Post by rested gal » Wed Dec 26, 2007 11:20 am

Thank your for the explanations, Dr. Krakow.

I agree that a regular bilevel ("regular" being not an S/T type of machine with a timed bpm rate set) relies on the person's own breathing (inhale/exhale) to signal when the machine will deliver IPAP or EPAP.

I'm a little confused though, about this statement:
BarryKrakowMD wrote:If for example, you were to hold your breath while on bilevel, the device will simply continue to blow out in whichever phase it's in, IPAP or EPAP, but it will not transition to the next phase because your change in breath did not occur.
I agree that if I hold my breath at any point during or after exhalation, the machine does continue blowing at the lower EPAP pressure. It does not transition to IPAP until I start to inhale.
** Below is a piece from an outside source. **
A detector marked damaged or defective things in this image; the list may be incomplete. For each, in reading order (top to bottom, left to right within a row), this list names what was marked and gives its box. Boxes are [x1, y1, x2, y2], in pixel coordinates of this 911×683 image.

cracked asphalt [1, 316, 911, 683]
Exactly as would be expected with any "regular" (not set for a timed backup rate) bilevel.

However, I thought all bilevels (again, just a "regular" bilevel -- not an S/T with a backup rate turned on) delivered IPAP only while the person was actively inhaling.
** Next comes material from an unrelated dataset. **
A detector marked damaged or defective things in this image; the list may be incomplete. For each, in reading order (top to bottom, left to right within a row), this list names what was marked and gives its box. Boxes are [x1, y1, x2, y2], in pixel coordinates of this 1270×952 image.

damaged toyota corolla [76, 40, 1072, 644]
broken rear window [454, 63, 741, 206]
I've not used a PB bilevel, so perhaps you've had a different experience with your personal machine. With the Respironics and resmed bilevel machines I've used, IPAP always switches to EPAP in any of these scenarios if I:

1. start to exhale.
2. inhale steadily for longer than about 4 seconds.
3. inhale unsteadily - as in experimentally interrupting my inhalation for even the briefest split second before continuing the inhalation.

Having read what you said about the machine continuing to blow out in whatever phase it's in, IPAP or EPAP if a person holds their breath, I added one more experiment...today...LOL:

4. If I suddenly hold my breath in the middle of an inhalation, the bilevel switches to EPAP. Not only can I feel that happen, I watched the pressure display on the LCD. The instant I hold my breath during an inhalation, the IPAP pressure drops immediately to EPAP.

Unless the PB machine behaves quite differently during inhalation, I don't quite understand how (or even why) a regular (non S/T) bilevel machine would continue blowing inhalation pressure (IPAP) if a person held his/her breath.

Holding the exhalation pressure (EPAP) indefinitely until an inhalation starts, yes.

Holding the inhalation pressure (IPAP) in place if a person holds their breath? None of mine do that. Mine switch to EPAP if inhalation is not actively occurring.

I'd be very interested to know if the Puritan Bennett bilevel behaves differently in that respect.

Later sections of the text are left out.